Ma lo spirito d’apparato dell’ex partito comunista ha avuto la meglio spingendo Bersani al ritiro e all’appoggio di Veltroni. Il secondo segnale, oggi, con l’inchiesta di Repubblica.it sui brogli elettorali in Australia. Un’uscita quanto meno inaspettata da un giornale che fin dall’inizio della Legislatura ha fatto del lealismo a questo Governo la sua stella polare. Lanciando più di un salvagente a questa maggioranza. Ed ora invece cavalca l’onda del voto irregolare come fosse Libero o Il Giornale. Segno che c’è stato un cambio di passo, che c’è qualcosa di nuovo. In realtà che il Gruppo Espresso avesse abbandonato i lidi prodiani e che tirasse la volata a Veltroni lo si era capito da tempo. Ma altra cosa è mettersi ora ad accreditare e divulgare la tesi berlusconiana del voto irregolare. In sostanza significa dare una mano a chi lavora per le elezioni anticipate. Già forse nella primavera-estate del prossimo anno. E quale miglior argomento se non un’elezione alle porte per costringere tutti a convergere verso la candidatura veltroniana? Si sa, quando Annibale è alle porte, bisogna turasi il naso e combattere tutti uniti. Ma Parisi e Prodi che hanno il naso fino – politicamente parlando – hanno fiutato l’aria e ora hanno deciso di agire. Non a caso proprio un altro prodiano doc come il sottosegretario Giulio Santagata ha commentato “preoccupato” il ritiro di Bersani spiegando che “bisogna arrivare a primarie vere e all’elezione di un segretario che rappresenti una linea politica chiara del Pd. Mi auguro che qualcuno raccolga la sfida di Veltroni e si candidi”. Tutte tessere di uno stesso mosaico che danno l’immagine di un partito che ancora non è nato ma che già va in sofferenza.
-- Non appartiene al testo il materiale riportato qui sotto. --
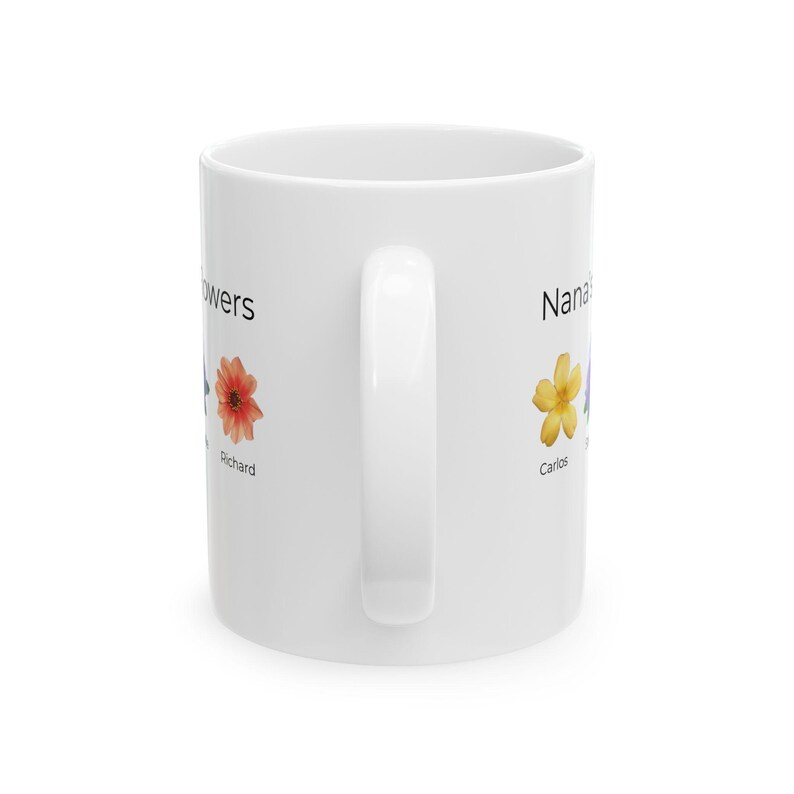 Personalized Nana's Flowers Ceramic Mug, Grandkids Names Custom Mug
Diviso profondamente tra la linea di Veltroni e quella di  Prodi. Tra chi non vuole consegnarsi mani e piedi legati al patto dalemiani-mariniani e chi prospetta un partito di impronta ulivista e quindi gravitante nell’orbita prodiana. Senza contare poi quei margheritini non allineati al pensiero unico veltroniano che da questo scontro sarebbero i più penalizzati e che potrebbero adesso guardare allo schieramento prodiano come l’unico scoglio al quale aggrapparsi per evitare il naufragio. Ripongono speranza in Enrico Letta, che adesso sta riflettendo su come uscire dall’angolo nel quale la decisione del ministro Bersani lo ha relegato. Si andrà ad uno scontro alle primarie tra Veltroni e Letta? O ad un plebiscito per il sindaco di Roma?

C’è tempo fino al 26 luglio, data ultima per presentare le liste, per capire cosa accadrà, ma un fatto è certo: queste polemiche consegnano agli italiani un partito, quello democratico, nato già vecchio. Tutto fieno in cascina per la Casa delle Libertà.